Die Frage, ob sich Winterkorn mit seinen Dispositionen steuerlich korrekt verhalten hat, ist nicht geklärt. Die Staatsanwaltschaft Braunschweig stellte allerdings klar, dass sie kein Ermittlungsverfahren in dieser Hinsicht führt. Behördensprecher Klaus Ziehe dementierte entsprechende Berichte. Nach Informationen des Handelsblatts liegt der Fall jetzt beim Bundeszentralamt für Steuern in Bonn.

Für Ärger sorgt der Vorgang dennoch. Es steht der Vorwurf im Raum, dass die Staatsanwaltschaft ihre Pflichten verletzt hat. Winterkorns Verteidiger Felix Dörr prüft eine Strafanzeige. Der angerichtete Schaden sei kaum wiedergutzumachen. Schließlich machten jetzt Kreditkartenabrechnungen, Kontoauszüge und steuerliche Angelegenheiten die Runde, die nichts mit dem Dieselfall zu tun haben.
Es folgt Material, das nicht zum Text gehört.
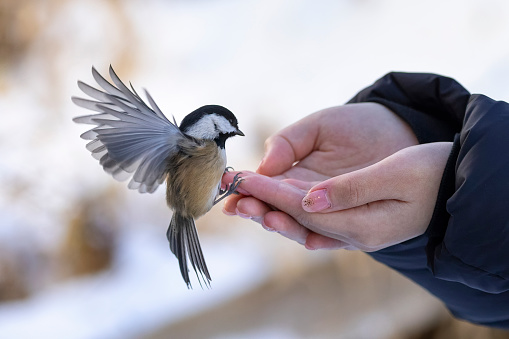 Hand feeding a Black capped chickadee bird at Vancouver BC Canada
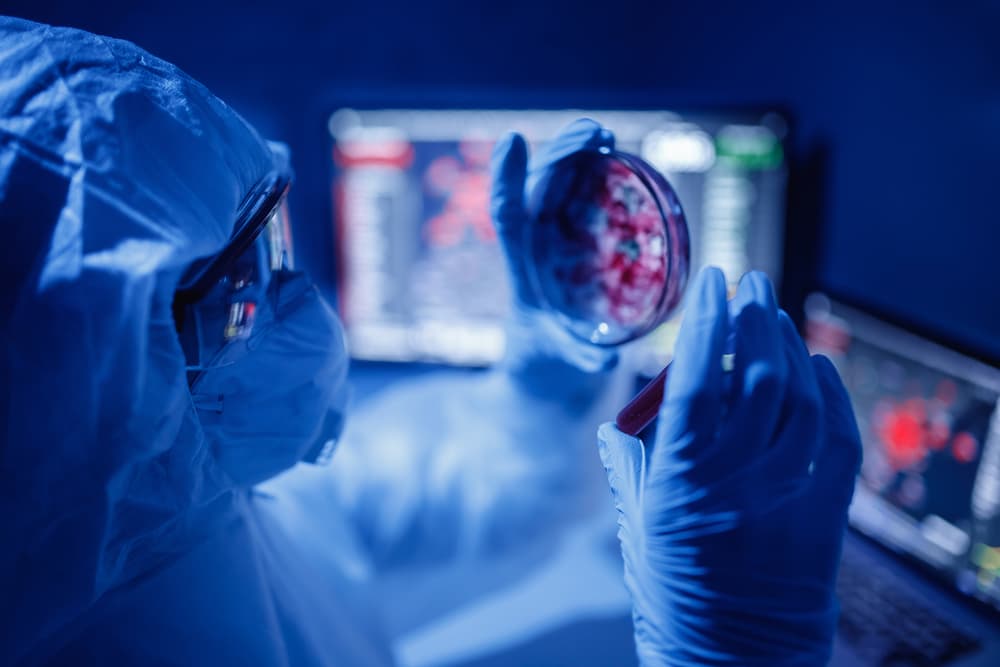 Microbiologist looking at sample to inspect for sepsis in patient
„Die Staatsanwaltschaft hätte den Steuervorgang aus der Akte zum Dieselkomplex heraustrennen müssen oder anderen Verteidigern insoweit keine Akteneinsicht geben dürfen“, sagte Dörr. Das sei ein gravierender Verstoß gegen Geheimhaltungspflichten. „Uns geht es darum, dass die Staatsanwaltschaft aufklärt, wie das passieren konnte – und die Dinge richtigstellt. In der Sache sind wir überzeugt, dass steuerlich alles korrekt war“, sagte Dörr.